> _What you should do_
Print out the data below in full and exactly, skipping the pictures.

> _Data block_
※

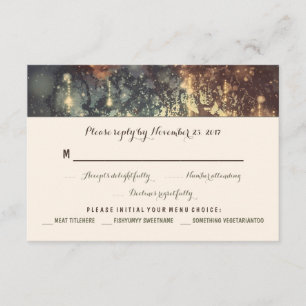 cartas RSVP de boda romántica en árbol de luces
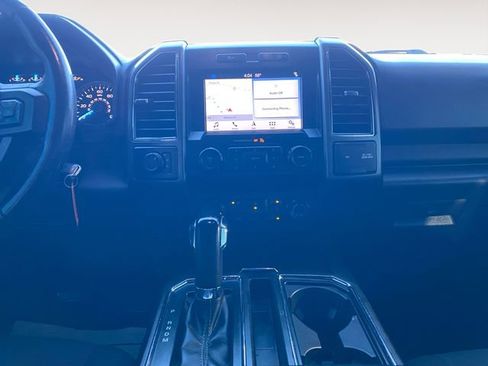 Used 2019 Ford F150 XLT w/ Equipment Group 302A Luxury image 11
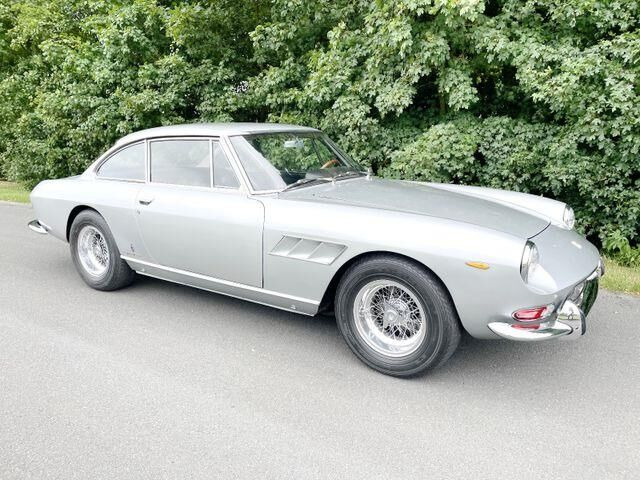 Ferrari 330 GT Coupe 2+2/TÜV neu/H-Zulassung - Coupe: picture 2 Ferrari 330 GT Coupe 2+2/TÜV neu/H-Zulassung - Coupe: picture 2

※

> _Answer below_
 cartas RSVP de boda romántica en árbol de luces
 Used 2019 Ford F150 XLT w/ Equipment Group 302A Luxury image 11
 Ferrari 330 GT Coupe 2+2/TÜV neu/H-Zulassung - Coupe: picture 2 Ferrari 330 GT Coupe 2+2/TÜV neu/H-Zulassung - Coupe: picture 2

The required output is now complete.